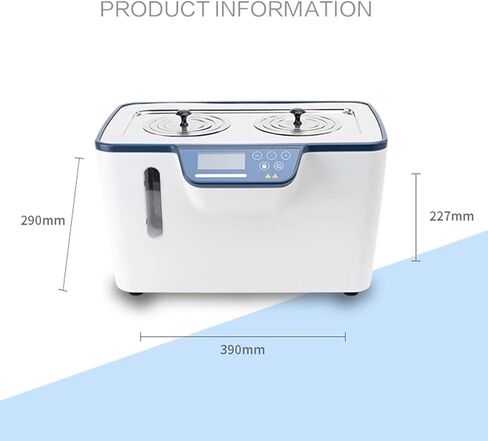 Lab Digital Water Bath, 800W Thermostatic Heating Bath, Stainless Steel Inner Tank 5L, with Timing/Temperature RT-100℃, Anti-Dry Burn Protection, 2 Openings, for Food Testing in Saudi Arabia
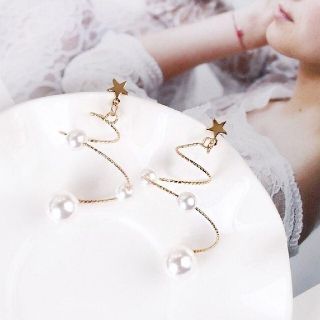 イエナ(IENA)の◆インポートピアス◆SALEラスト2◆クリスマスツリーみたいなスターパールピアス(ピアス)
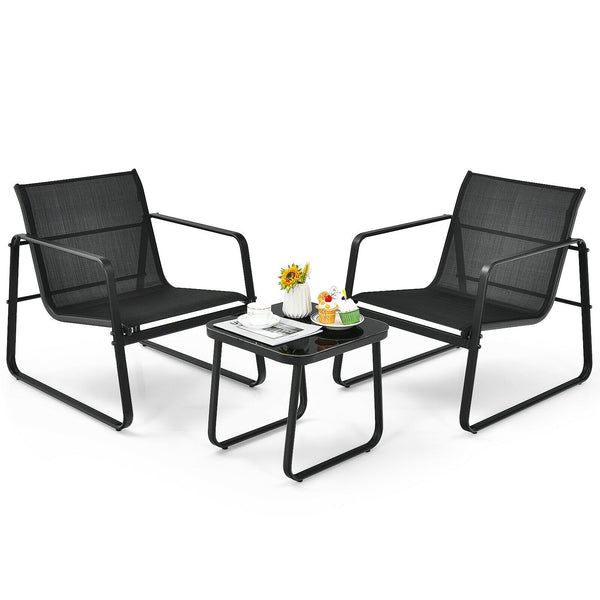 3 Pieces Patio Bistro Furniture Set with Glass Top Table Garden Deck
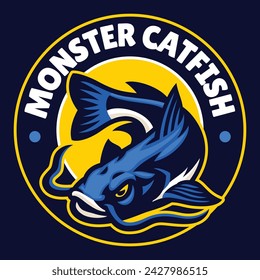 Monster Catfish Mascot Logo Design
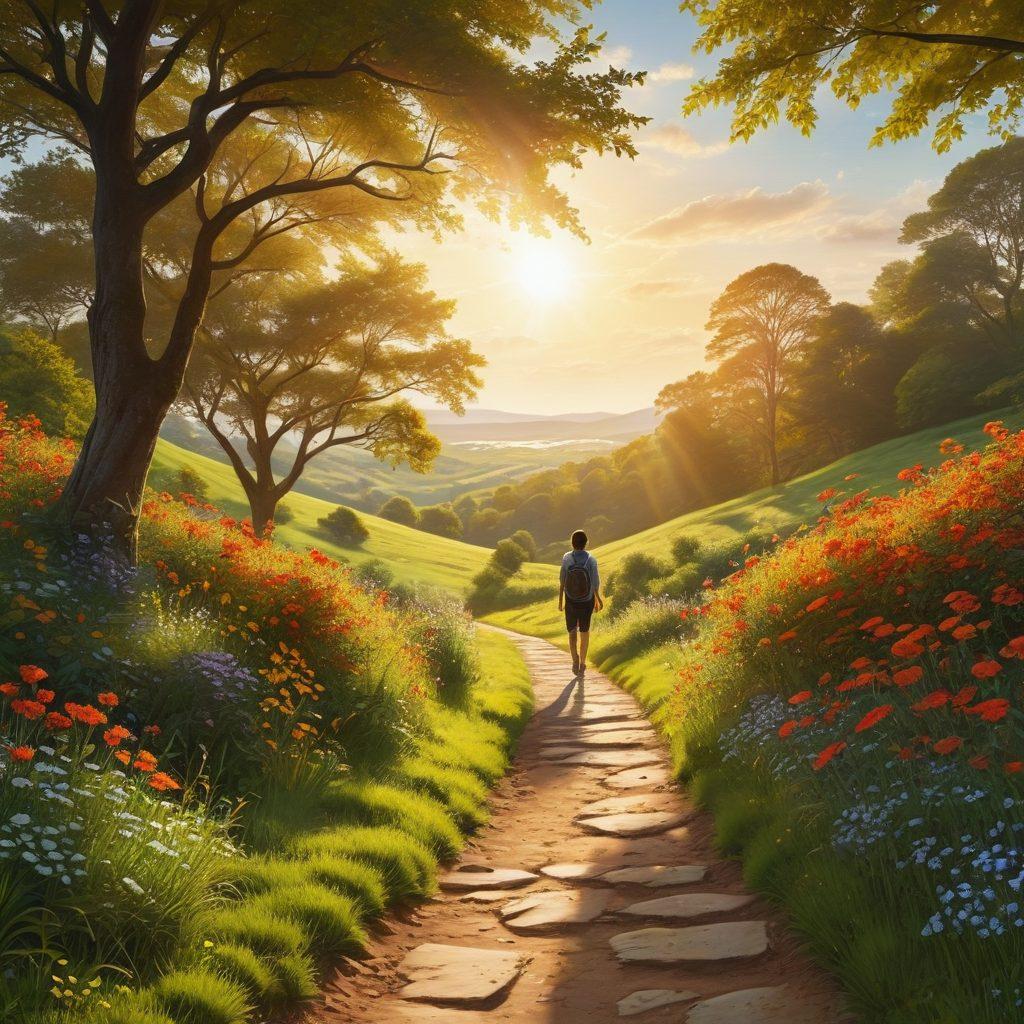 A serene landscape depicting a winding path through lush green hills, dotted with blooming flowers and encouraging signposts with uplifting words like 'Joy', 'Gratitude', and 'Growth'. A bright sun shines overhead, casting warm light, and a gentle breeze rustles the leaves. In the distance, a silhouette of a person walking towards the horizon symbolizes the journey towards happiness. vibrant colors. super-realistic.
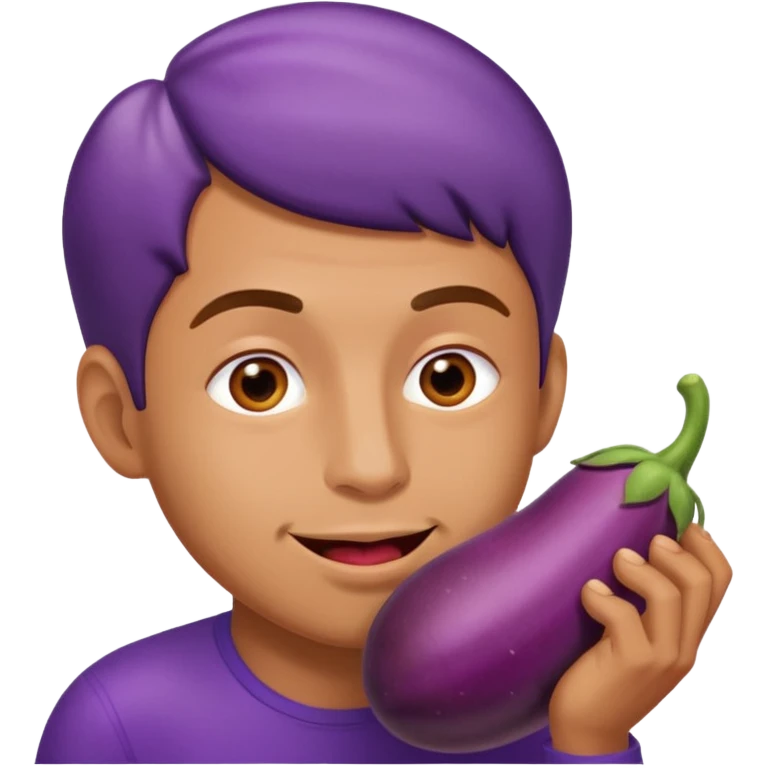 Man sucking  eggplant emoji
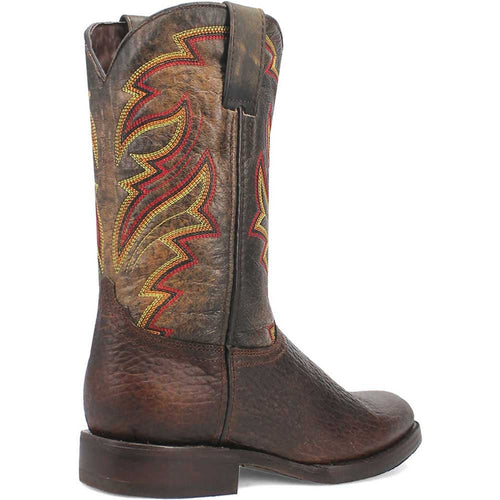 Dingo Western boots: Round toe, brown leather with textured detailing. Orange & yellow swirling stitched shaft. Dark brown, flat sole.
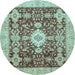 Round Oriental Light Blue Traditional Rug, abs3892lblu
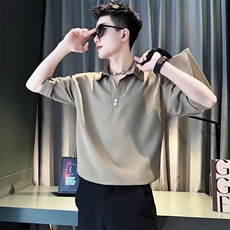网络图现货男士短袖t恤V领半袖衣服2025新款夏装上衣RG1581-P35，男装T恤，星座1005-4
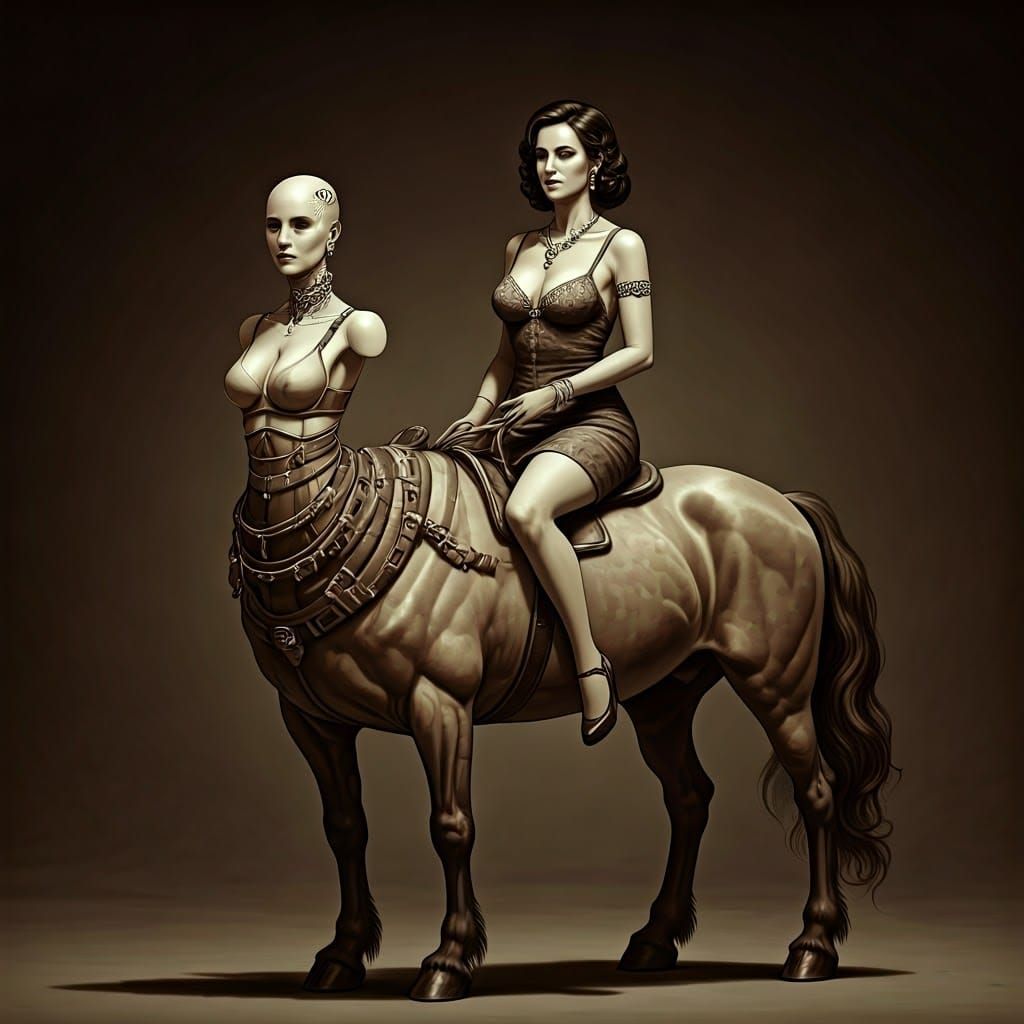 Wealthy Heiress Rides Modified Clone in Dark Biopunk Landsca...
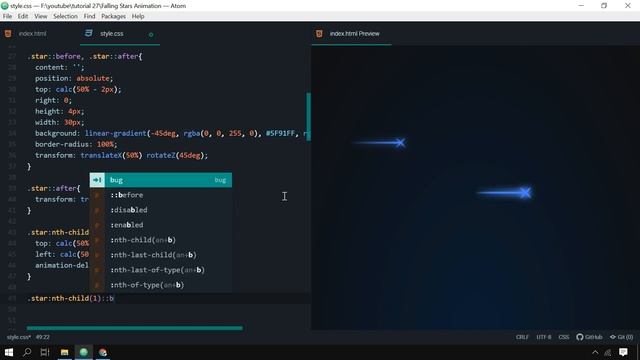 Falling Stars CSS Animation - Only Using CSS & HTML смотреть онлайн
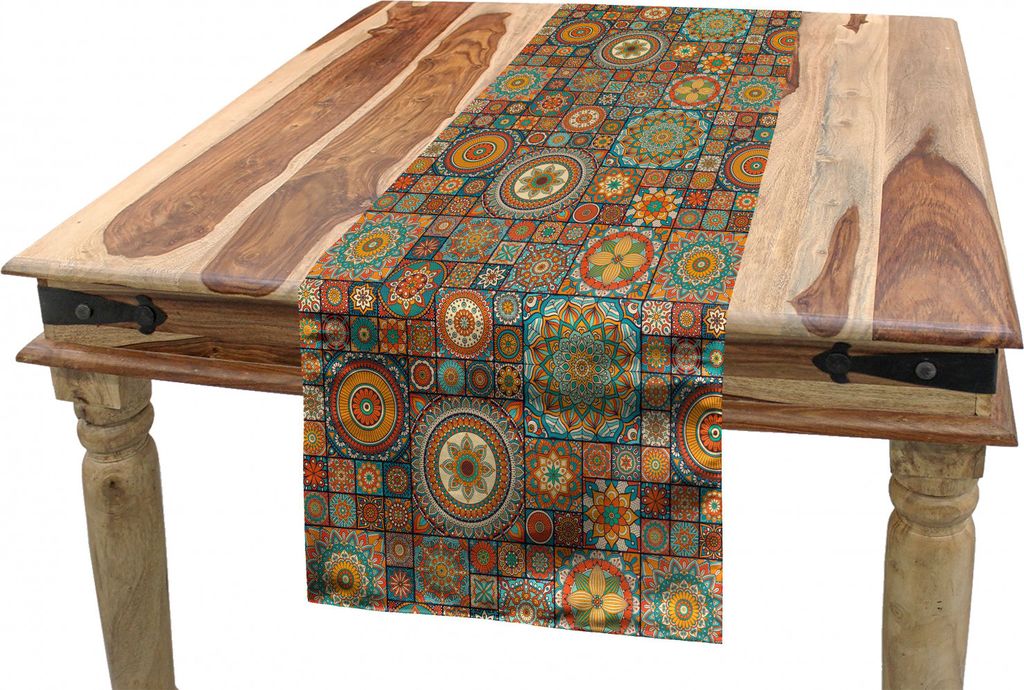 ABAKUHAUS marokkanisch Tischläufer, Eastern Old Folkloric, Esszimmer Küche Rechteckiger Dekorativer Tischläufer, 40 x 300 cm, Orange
----
**EXERCISE PROMPT**
Return every entry above exactly. Pictures stay out.

**RESPONSE TO THE TASK**
 Lab Digital Water Bath, 800W Thermostatic Heating Bath, Stainless Steel Inner Tank 5L, with Timing/Temperature RT-100℃, Anti-Dry Burn Protection, 2 Openings, for Food Testing in Saudi Arabia
 イエナ(IENA)の◆インポートピアス◆SALEラスト2◆クリスマスツリーみたいなスターパールピアス(ピアス)
 3 Pieces Patio Bistro Furniture Set with Glass Top Table Garden Deck
 Monster Catfish Mascot Logo Design
 A serene landscape depicting a winding path through lush green hills, dotted with blooming flowers and encouraging signposts with uplifting words like 'Joy', 'Gratitude', and 'Growth'. A bright sun shines overhead, casting warm light, and a gentle breeze rustles the leaves. In the distance, a silhouette of a person walking towards the horizon symbolizes the journey towards happiness. vibrant colors. super-realistic.
 Man sucking  eggplant emoji
 Dingo Western boots: Round toe, brown leather with textured detailing. Orange & yellow swirling stitched shaft. Dark brown, flat sole.
 Round Oriental Light Blue Traditional Rug, abs3892lblu
网络图现货男士短袖t恤V领半袖衣服2025新款夏装上衣RG1581-P35，男装T恤，星座1005-4
 Wealthy Heiress Rides Modified Clone in Dark Biopunk Landsca...
 Falling Stars CSS Animation - Only Using CSS & HTML смотреть онлайн
 ABAKUHAUS marokkanisch Tischläufer, Eastern Old Folkloric, Esszimmer Küche Rechteckiger Dekorativer Tischläufer, 40 x 300 cm, Orange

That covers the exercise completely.